I can barely begin to explain the beauty and the tragedy and the redemption of The People of the Whale. Reading it at times was like being inside the minds and hearts of people both magnificent as well as deeply wounded. This passage sums up one of the overarching themes of the book: the capacity for humans to hurt, torture, lie, and kill--each other, other creatures, nature, society--anything and everything around them. The depths of disgrace to which they can succumb when they are not whole; when they are lost and afraid and have traded in their hearts for a sense of personal survival or desire. It is tragic and terrible.

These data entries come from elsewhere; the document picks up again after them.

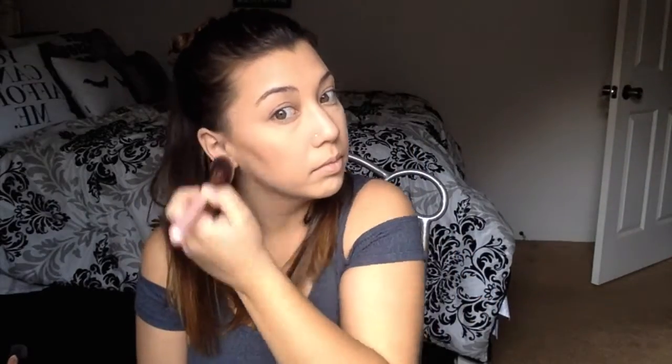Then we're gonna take that color and bring it around the hairline to even out the entire look. Next we're gonna contour the jawline to sharpen and define it, then bring it down onto the neck — this is supposed to diminish any appearance of a double chin. I don't think I have one, but I'm not risking it.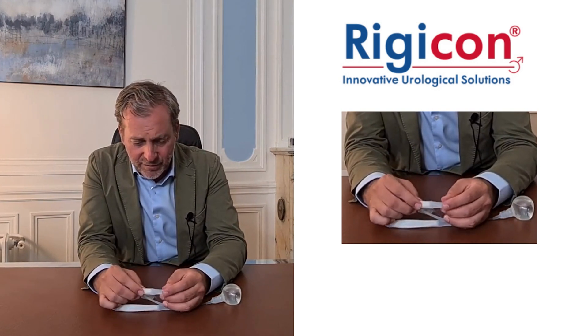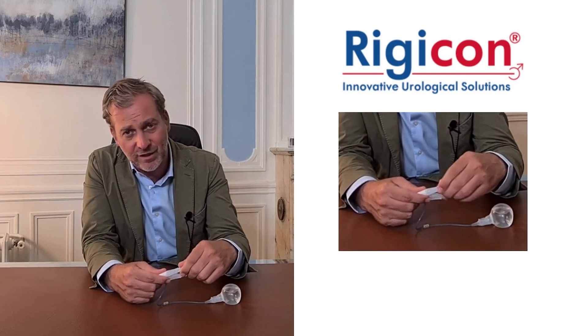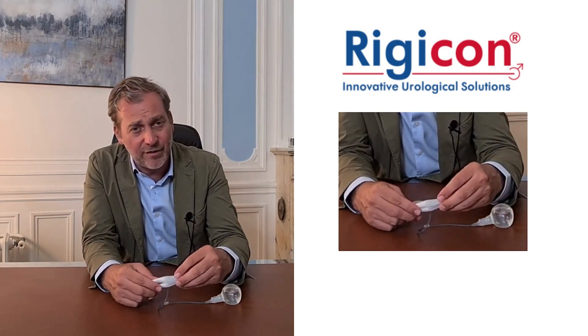Then you have this reinforcement here that we call the fourth layer. This fourth layer protects the device from erosion and quick erosion of the tubings. Then you have the Connect Secure rear tips. Your actual rear tip extender is locked to the cylinder, making it difficult or impossible to lose inside your patient if you have to go for revision surgery and have to remove the cylinders.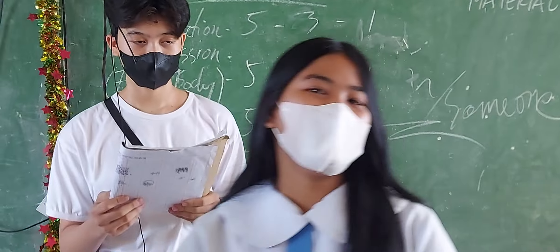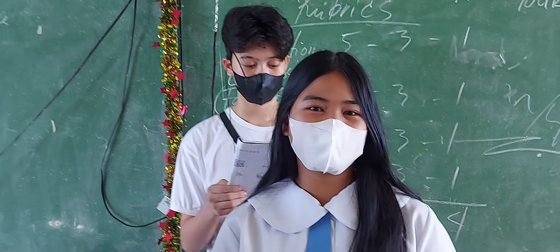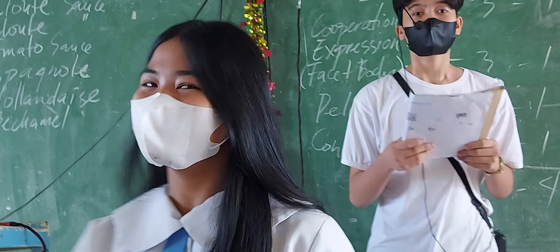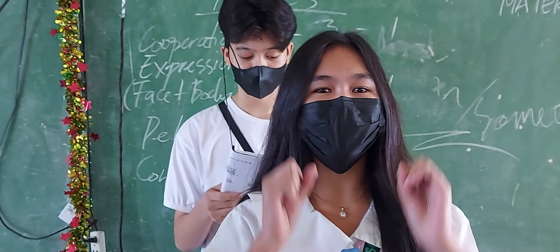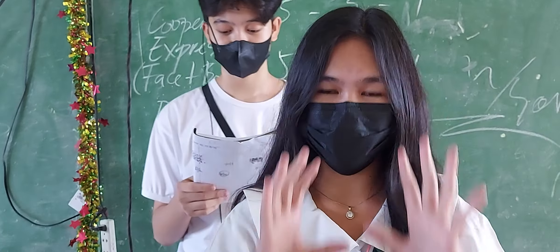Hi, I'm butter, a cream that helps cooking sauce. Hi, I'm starch, one of the best ingredients of the sauce.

I too have questioned the ugliness that exists within humanity and even lamented being a part of a race with such a capacity for cruelty; so fallible; so easily broken and twisted and led astray.

And yet.

In life, in this world, (and in The People of the Whale) alongside every act of disgrace there is also beauty. For every broken soul there are others working to rebuild; to strengthen; to teach. Just as the world is full of hatred and woundedness, it is also ripe with compassion and healing. And the horrors and glories of humanity are mingled together and twisted into our histories and our lives in ways that cannot be easily separated and explained. It is all too complex. Too intertwined. Too deeply connected in every aspect of life and our very beings. I wonder if it is even possible to delve deep enough into the human heart and spirit to comprehend the disparate halves of our being and the incongruencies of goodness and evil that are among us and within us.

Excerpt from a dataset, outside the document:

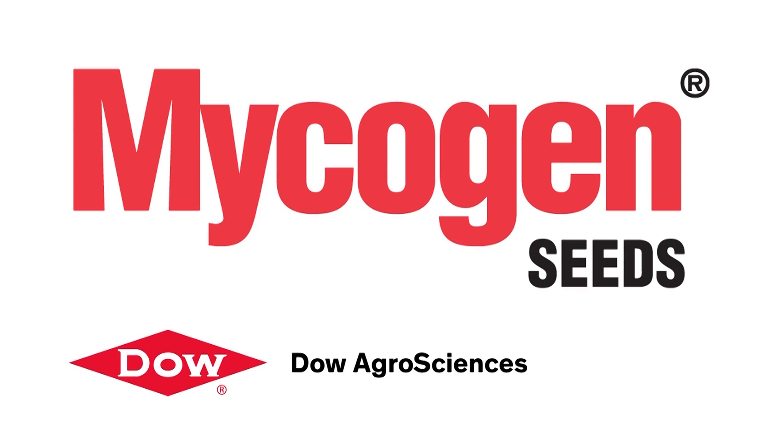This is the Farms.com Soybean Report brought to you by Mycogen Seeds, driven by your success.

Really and truly, "There is so much to a human." Beautiful and terrible. Miraculous and sorrowful. I don't really know what else to say about that. I don't know how to accept it, to live with it, to assimilate that reality into my understanding of the world. But I see it, constantly. And I know it is part of me too; that I contain both good and evil; that I have beauty, but also brokenness. In the end I just hope that we can find ways to bring all of that together; that we can heal those parts of us all that have suffered and unify our goodness and compassion and love. I think it is possible. I pray it is.